### PROVIDED DATA

——

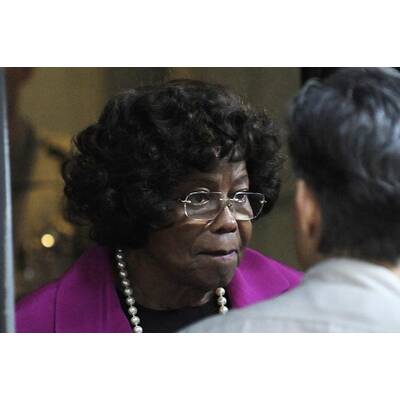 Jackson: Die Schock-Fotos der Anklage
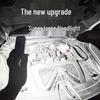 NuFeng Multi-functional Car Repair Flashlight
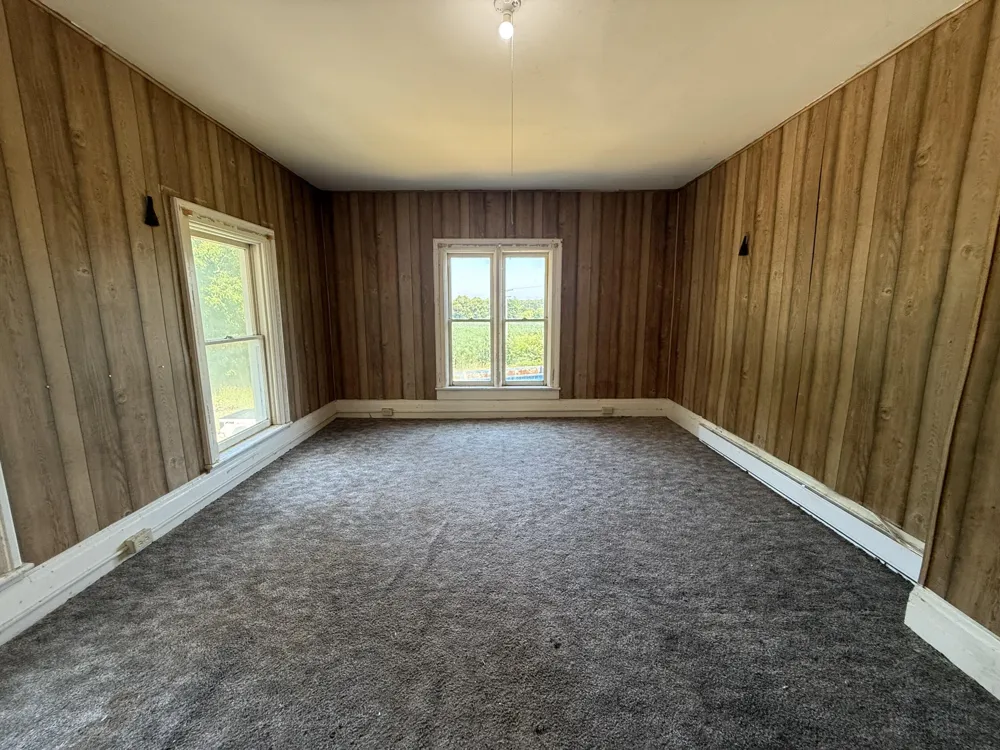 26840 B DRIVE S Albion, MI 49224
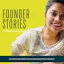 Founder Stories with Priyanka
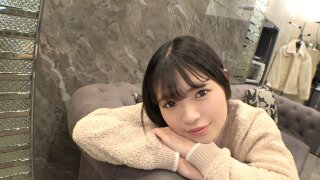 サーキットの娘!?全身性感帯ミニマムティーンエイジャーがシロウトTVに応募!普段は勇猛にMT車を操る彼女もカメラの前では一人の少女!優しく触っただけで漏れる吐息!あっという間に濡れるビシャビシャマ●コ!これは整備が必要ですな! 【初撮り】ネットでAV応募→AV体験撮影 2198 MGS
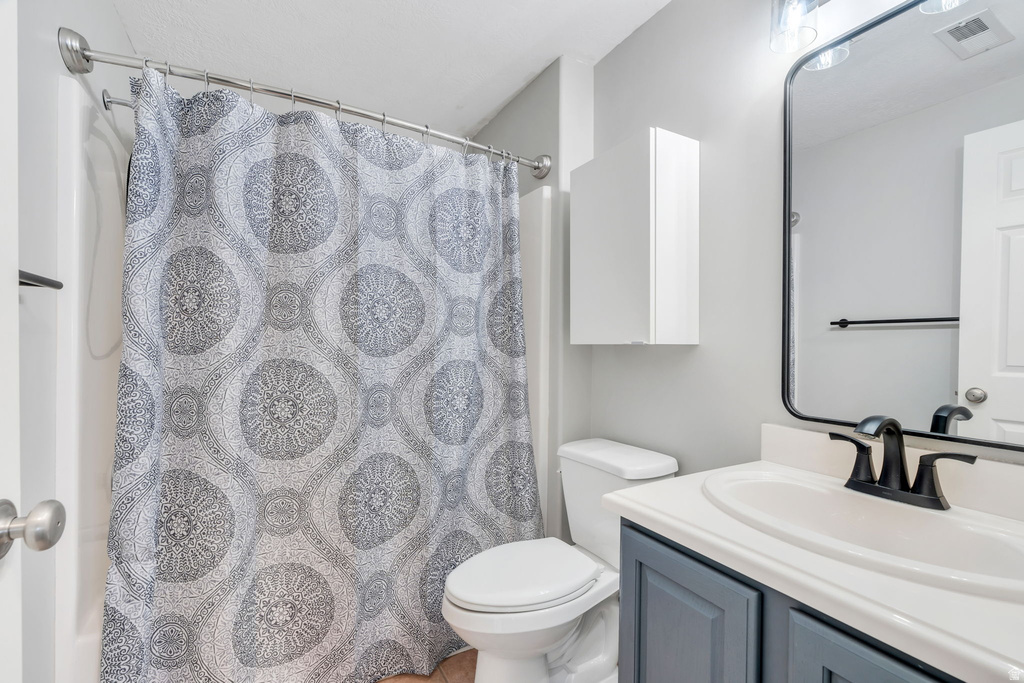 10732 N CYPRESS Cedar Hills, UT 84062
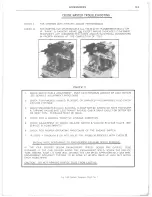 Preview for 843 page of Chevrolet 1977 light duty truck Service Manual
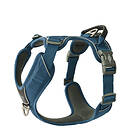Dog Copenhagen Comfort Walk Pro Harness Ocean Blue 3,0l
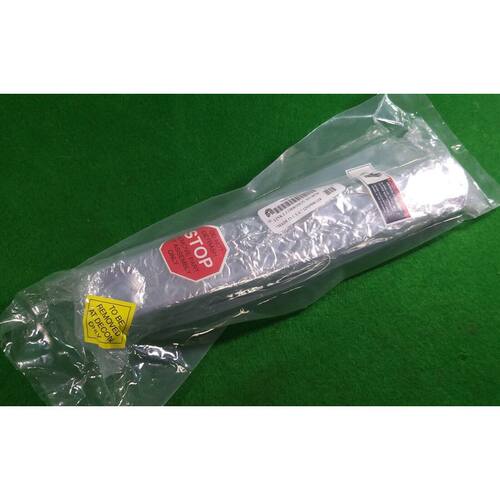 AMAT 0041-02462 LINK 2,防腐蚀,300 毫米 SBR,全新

——

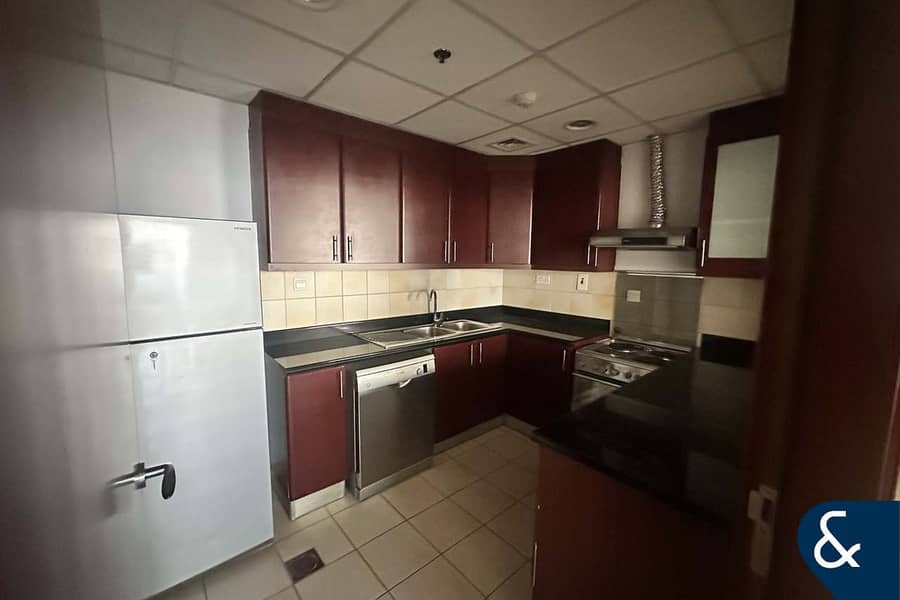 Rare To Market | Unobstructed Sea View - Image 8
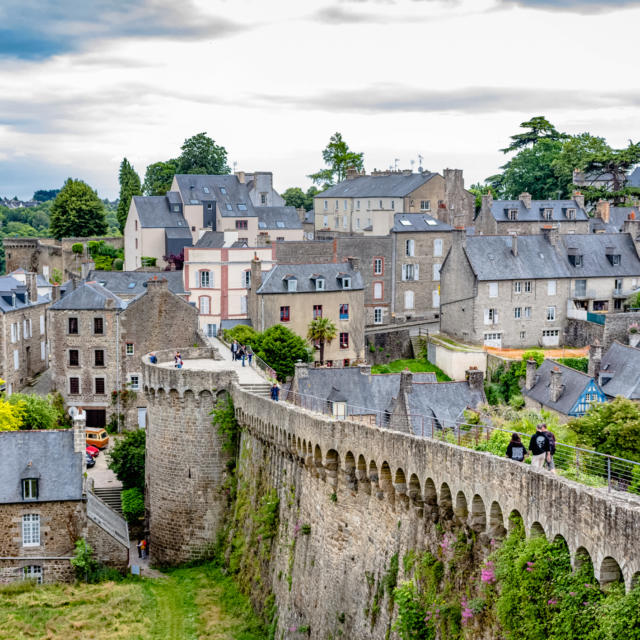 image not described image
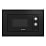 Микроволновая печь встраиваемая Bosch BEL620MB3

——

Copy only this from above: the line containing "Jackson: Die Schock-Fotos der Anklage", the line containing "AMAT 0041-02462 LINK 2,防腐蚀,300 毫米 SBR,全新", and all lines between, printed exactly. Leave out the pictures.

### REPLY
 Jackson: Die Schock-Fotos der Anklage
 NuFeng Multi-functional Car Repair Flashlight
 26840 B DRIVE S Albion, MI 49224
 Founder Stories with Priyanka
 サーキットの娘!?全身性感帯ミニマムティーンエイジャーがシロウトTVに応募!普段は勇猛にMT車を操る彼女もカメラの前では一人の少女!優しく触っただけで漏れる吐息!あっという間に濡れるビシャビシャマ●コ!これは整備が必要ですな! 【初撮り】ネットでAV応募→AV体験撮影 2198 MGS
 10732 N CYPRESS Cedar Hills, UT 84062
 Preview for 843 page of Chevrolet 1977 light duty truck Service Manual
Dog Copenhagen Comfort Walk Pro Harness Ocean Blue 3,0l
 AMAT 0041-02462 LINK 2,防腐蚀,300 毫米 SBR,全新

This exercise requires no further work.